11th Circuit finds Florida’s closed primary statute withstands constitutional scrutiny

Three opinions from three judges in Poelle v. Florida Secretary of State. From the majority opinion by Judge Rosenbaum:

Michael J. Polelle is a voter in Sarasota County, Florida, who has not registered with a political party. As a result, Florida’s closed system of primary elections prevents him from participating in any political party’s primary.

At the same time, though, the Republican primary has determined the outcome of most Sarasota County elections since the 1960s. So Polelle filed suit claiming Florida’s law puts him to an unconstitutional “Hobson’s choice,” requiring that he either forfeit his right to a meaningful vote or forfeit his right not to associate with political groups and messages. The district court dismissed Polelle’s lawsuit because it concluded he has not suffered an injury that gives him standing to sue in the federal courts and, alternatively, because he failed to state a claim for relief on the merits.

After careful consideration, and with the benefit of oral argument, we agree with the district court’s decision to dismiss Polelle’s case. But we do so after reaching the merits. Polelle has adequately alleged that he suffered an injury in fact, traceable to Defendant-Appellee Sarasota County Supervisor of Elections Ron Turner and redressable by the federal courts. As Polelle points out, he has both the right to a meaningful vote and the right not to associate with certain political groups and messages. And Florida’s closed primary burdens those rights.
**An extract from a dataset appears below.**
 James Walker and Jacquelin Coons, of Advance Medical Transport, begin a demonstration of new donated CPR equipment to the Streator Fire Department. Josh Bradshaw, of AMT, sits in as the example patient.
From Judge Abudu’s concurring opinion (which Judge Rosenbaum joined):

Here, the practical implications of excluding Sarasota County’s independent voters echo similarities to Terry v. Adams, 345 U.S. 461 (1953), in which the Court struck down an electoral scheme for primary elections which systematically excluded Black voters. The Court reasoned that “the Democratic primary and the general election . . . [became] no more than the perfunctory ratifiers of the choice that has already been made in [] elections from which [African-Americans] have been excluded.” Id. at 469. While racial animus drove the unlawful tactics in Terry, closed primary schemes could become just another proxy for the exclusion of populations that might upend the political dominance of one party over other political voices. Thus, the concern about outsiders influencing partisan primary elections could become a more covert excuse for electoral exclusion. Without any available legal remedies, these “outlier” voters are politically silenced.
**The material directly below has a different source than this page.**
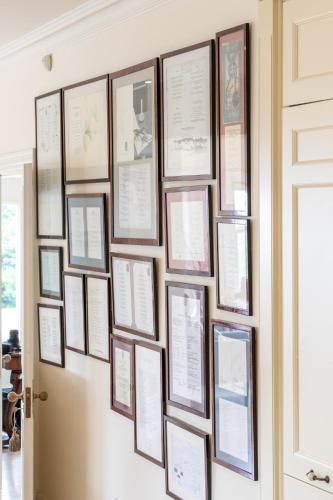 a wall of framed papers on a wall at Dromard in Kenmare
The Supreme Court, in United States v. Classic, stated:

we cannot close our eyes to the fact . . . that the practical influence of the choice of candidates at the primary may be so great as to affect profoundly the choice at the general election even though there is no effective legal prohibition upon the rejection at the election of the choice made at the primary and may thus operate to deprive the voter of his constitutional right of choice. 313 U.S. at 319.
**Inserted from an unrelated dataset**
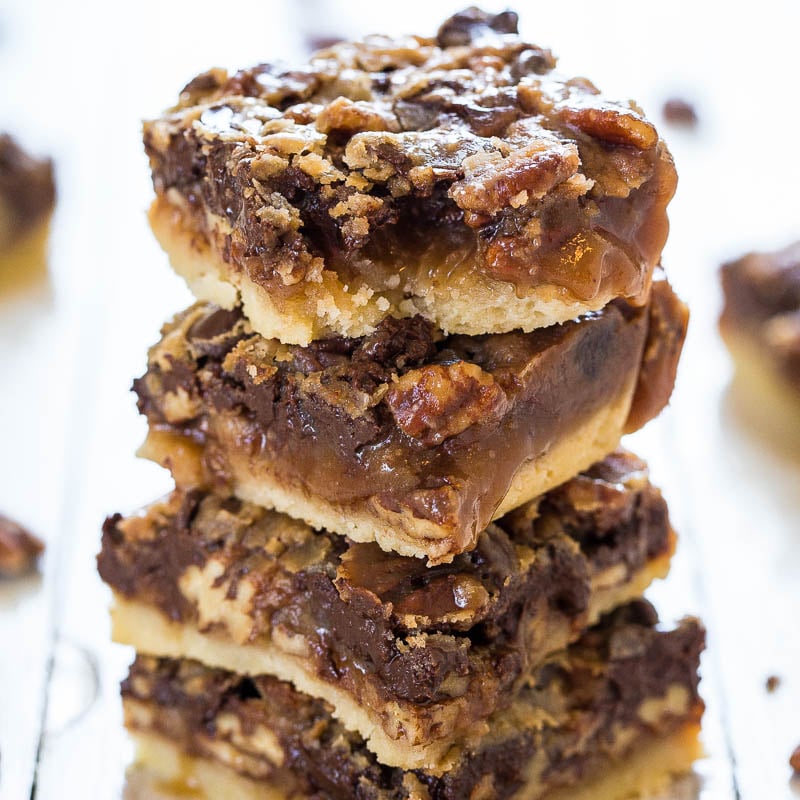 A stack of pecan pie bars with a crumbly topping and chocolate drizzle.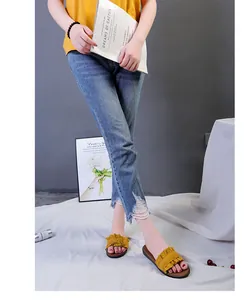 Stylish yellow ruffle flat slide sandals for women worn by a model in casual setting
We, too, should not ignore this truth in Sarasota County.

(This opinion does not engage with Tashjian v. Republican Party of Connecticut (1986) and the rights of political parties in cases that postdate Terry v. Adams and do not involve race, but the majority opinion mentions Tashjian in several places.)

And from Judge Tjoflat, concurring in part and dissenting in part:

Professor emeritus of law Michael Polelle sued Florida Secretary of State Cord Byrd and Sarasota County Supervisor of Elections Ron Turner, challenging Florida’s closed-primary system. Polelle alleged that, as a No Party Affiliation voter, the system “suppress[ed] . . . his primary vote in selecting political candidates” and thus violated his First and Fourteenth Amendment rights. But Polelle never explained how a court ruling would secure him the
vote he sought. Instead, he asked the District Court to enjoin the system altogether.

Courts do not wield the Constitution as a blunt instrument to level the political playing field. We resolve only concrete “Cases” or “Controversies.” U.S. Const. art. III, § 2, cl. 1. The District Court correctly held that Polelle lacked standing.

The Majority disagrees. It does so by distorting two funda mental limits on judicial power. First, the Majority reframes Polelle’s political dissatisfaction as a legally cognizable injury. It is not. Second, the Majority dilutes the redressability requirement of standing by proposing an injunction that Polelle never requested and that courts have no authority to issue. Under binding precedent, Polelle lacks standing. Because the Majority says otherwise, I respectfully dissent.